Monday, October 1, 2018

I have been a part of a group on Sunday night who are contacting people who have visited our church.  One of the requirements of participating in the group is to write an account of how you came to believe in Jesus as the Son of God, and how it has changed you.  So I am going to practice on all of you out there.  I have to do it in 250 words or less, which I doubt I can do--but, here goes.

I was raised in a family of practicing Christian people.  I heard about Jesus every Sunday in church, and everyday at home.  When I was 8 or 9, I went forward during the song "I Surrender All."  I surrendered all a child had to surrender.  I was a good kid growing up.  I never drank, smoked,  etc. nothing that was classified as "sin," and still don't to this day.

I was 23 years old before I needed to repent.  I was listening to a Billy Graham sermon on sin, and he didn't mention any of the so called sins I had heard about growing up.  He talked about greed, stinginess, spite, thinking you were better than others, and on and on.  Hitting me over and over.  I repented.  And prayed that my three girls wouldn't have such a hard time coming to repentance since they too were being raised in a Christian family.  That they would spend eternity with Him.  Within five minutes of praying that prayer, and laying our youngest daughter in her crib while I went to get her a bottle, she was dead.  One minute she was alive, the next minute, she wasn't.  I credited God with her death, and that my prayer had caused her death so that she could spend eternity with Him.
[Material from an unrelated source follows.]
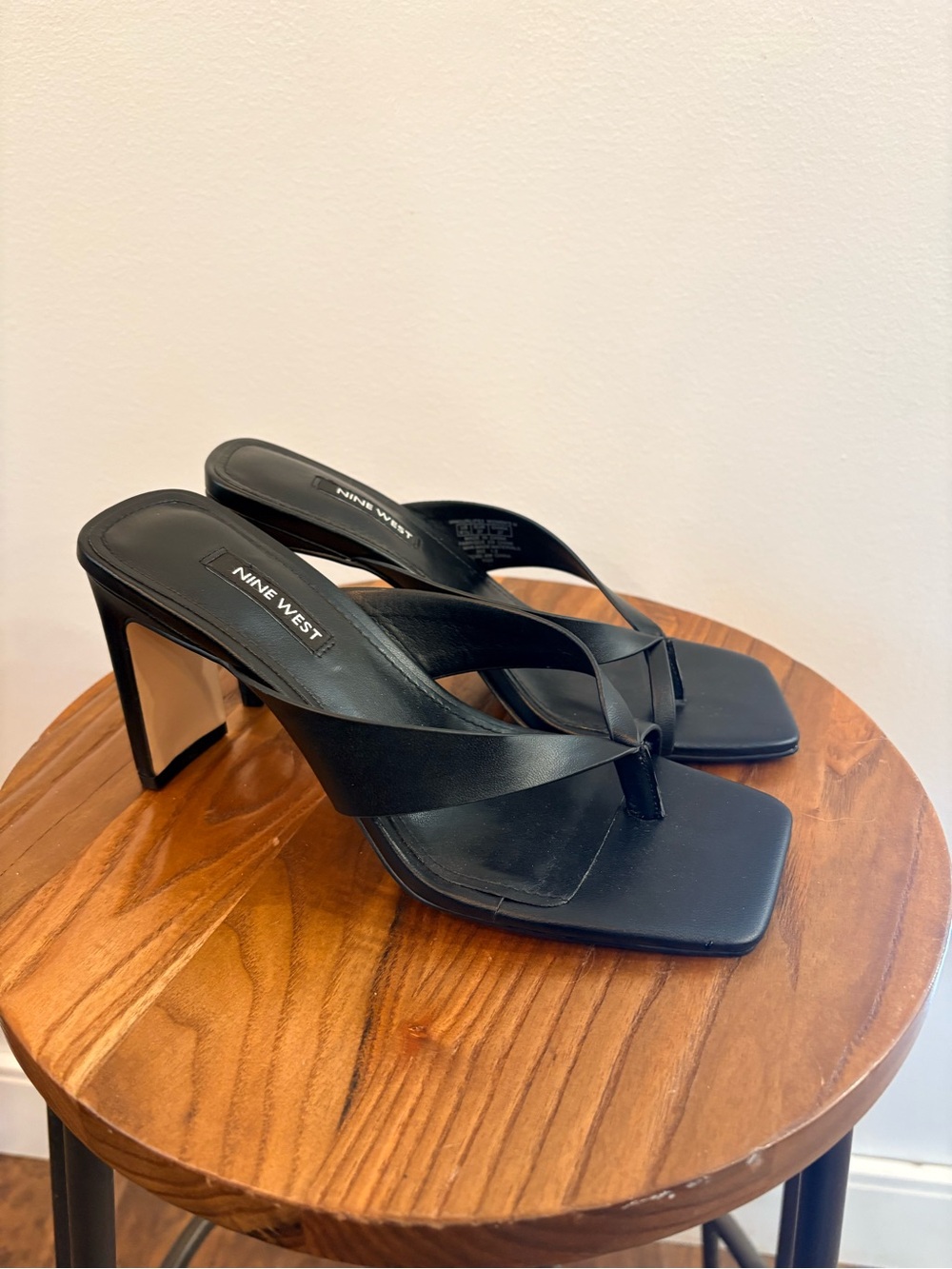 Nine West Black Square-Toe Strappy 3 inch Heeled Sandals Sz 6 1/2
For four years, I struggled.  I couldn't sleep for fear one of my other three children was going to die.  That God would take one of them, too.  One day, a friend said, "Janie, you don't trust God.  You have given Him your life, but you haven't given Ken and your three children back to Him."   It was true.  I knew that I didn't trust Him with my family.

So, I told God I didn't trust Him.  He knew it anyway.  I had surrendered all as a child, but I needed to surrender all as an adult.  It was horrendously difficult.  But one day, a moment came when I was able to say, "You've got it.  Me, Mine, and everything I possess."  I can tell  you one thing for sure,  there is no peace in your life until you surrender, repent and trust God--you must do all three things.  I know.  Whatever God wants, I have surrendered.  All of it.